__DIRECTIONS__. The result should hold only the lines from the one with "Boston centered New" through the final line of the data below, transcribed exactly, pictures left out.

INPUT DATA Block Start

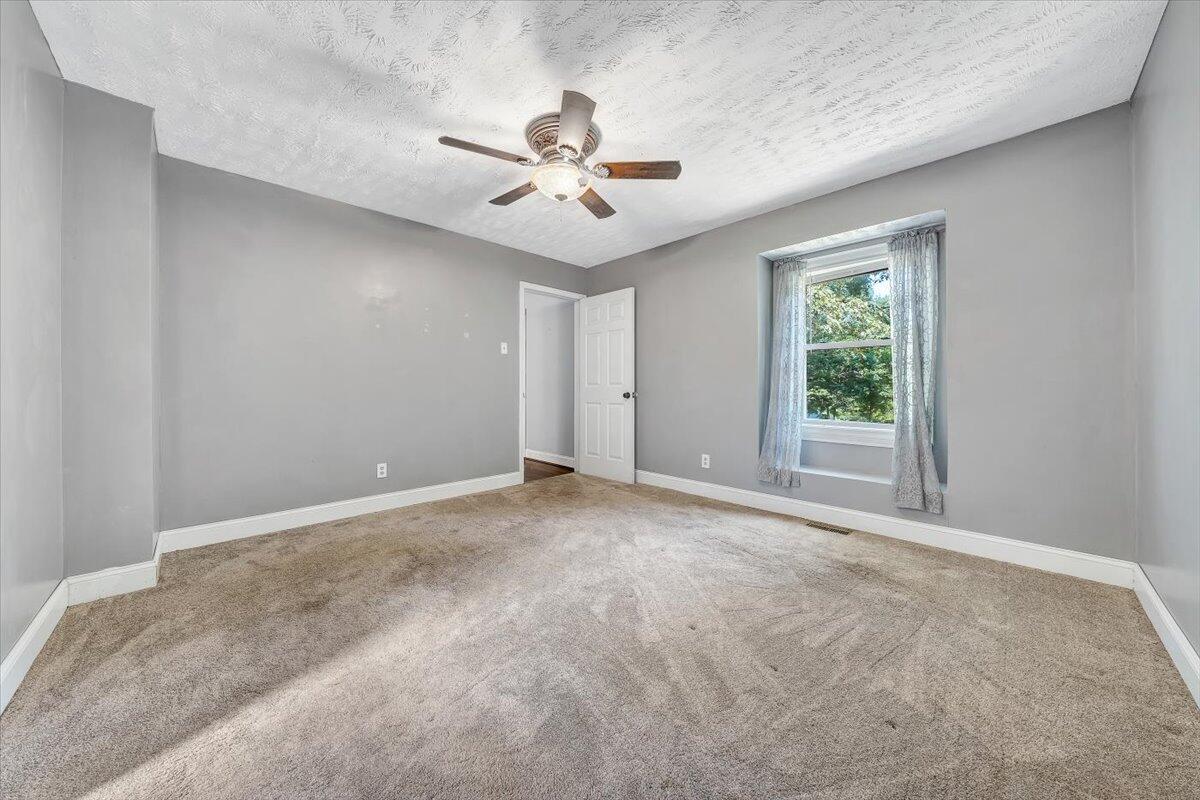 80 Walnut Landing Circle Hardy, VA 24101 - Photo 21 of 34 a view of a livingroom with a ceiling fan and window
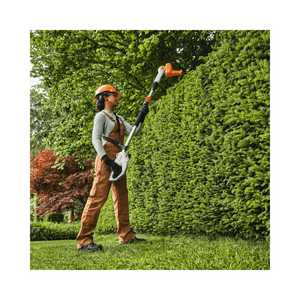 Person using HLA 40 Cordless Telescopic Long-Reach Hedge Trimmer for precise trimming, preferred by tree surgeons and arborists.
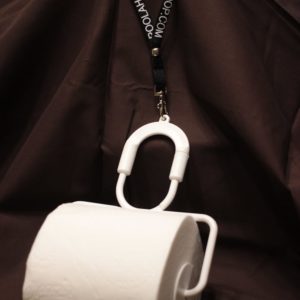 A Poo-lahoop™ tissue holder with lanyard.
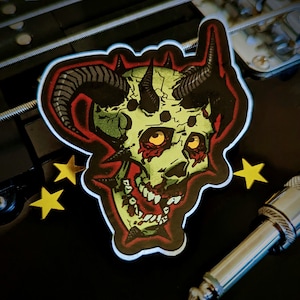 May include: A sticker featuring a green, yellow, and red demonic skull with horns. The sticker has a black border and is surrounded by yellow star-shaped stickers and a silver audio jack.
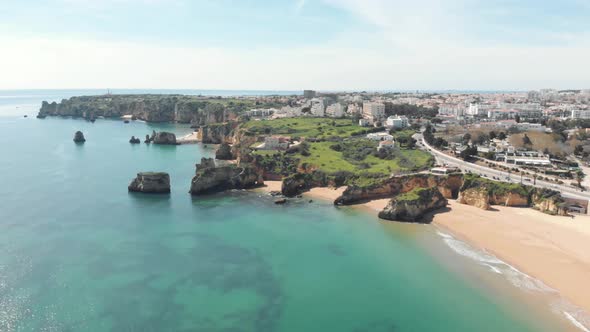 Wide view over Rugged Coastline of Lagos next do Batata Beach, Algarve, Portugal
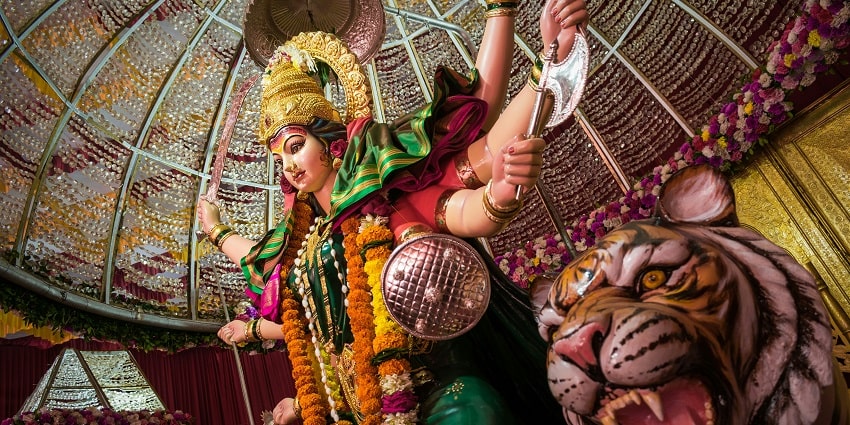 A beautifully crafted idol of Maa Durga Devi, adorned with vibrant colours and attire.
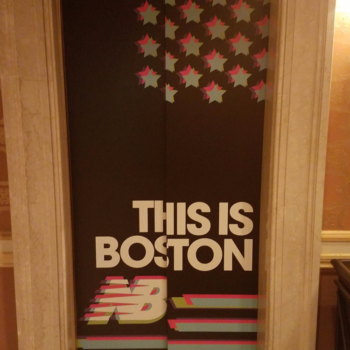 Boston centered New Balance elevator signage in window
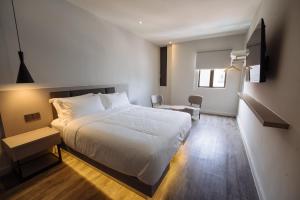 a bedroom with a large white bed and a desk at The Marion Hotel Impian Emas Branch in Skudai +11 photos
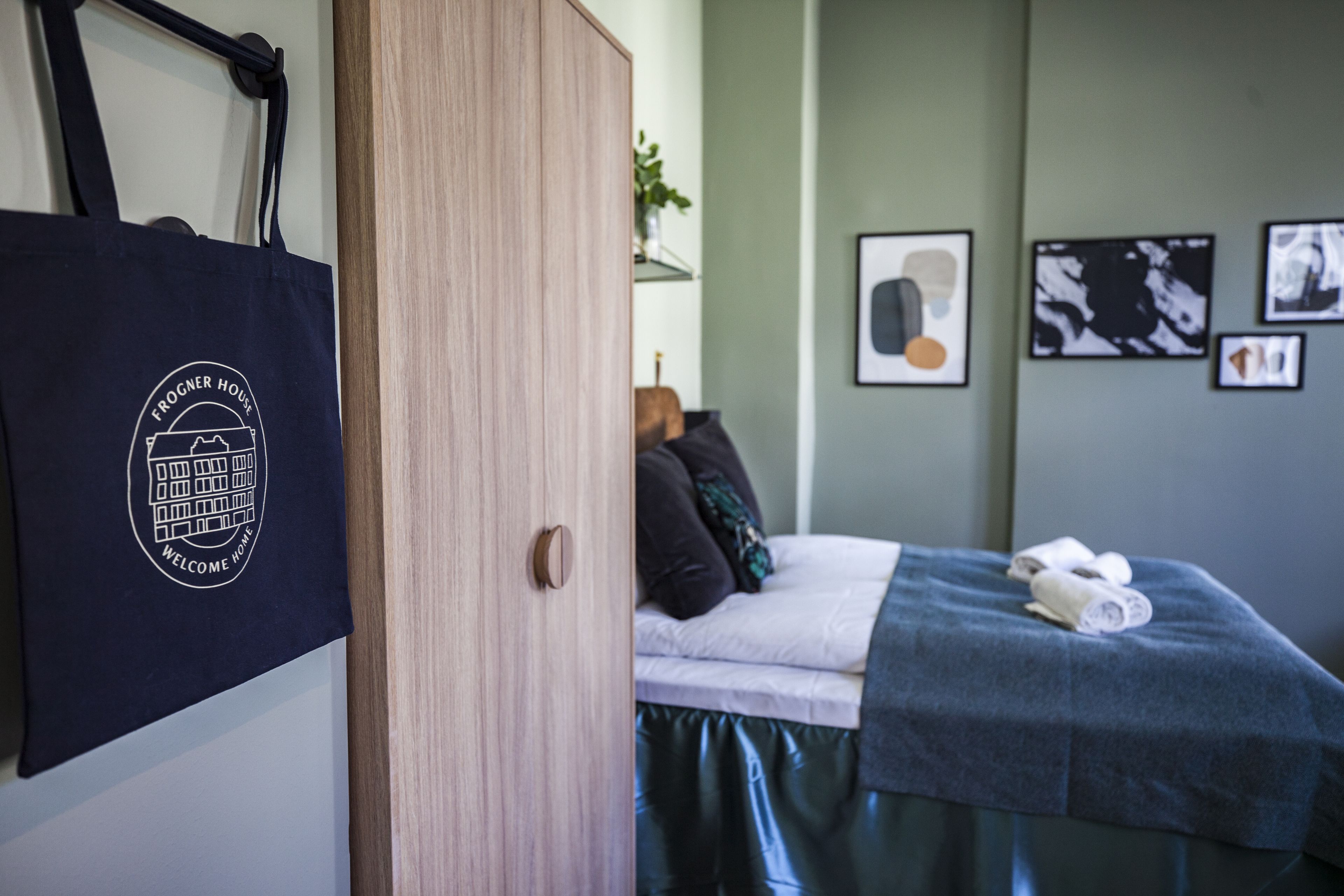 Ett hotellrum med en säng, en garderob i trä, en handduk och en välkomstpåse.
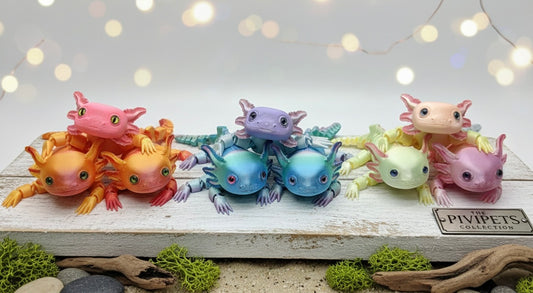 Colorful axolotl figurines on a wooden surface with a blurred light background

INPUT DATA Block End

__SOLUTION BELOW__.
 Boston centered New Balance elevator signage in window
 a bedroom with a large white bed and a desk at The Marion Hotel Impian Emas Branch in Skudai +11 photos
 Ett hotellrum med en säng, en garderob i trä, en handduk och en välkomstpåse.
 Colorful axolotl figurines on a wooden surface with a blurred light background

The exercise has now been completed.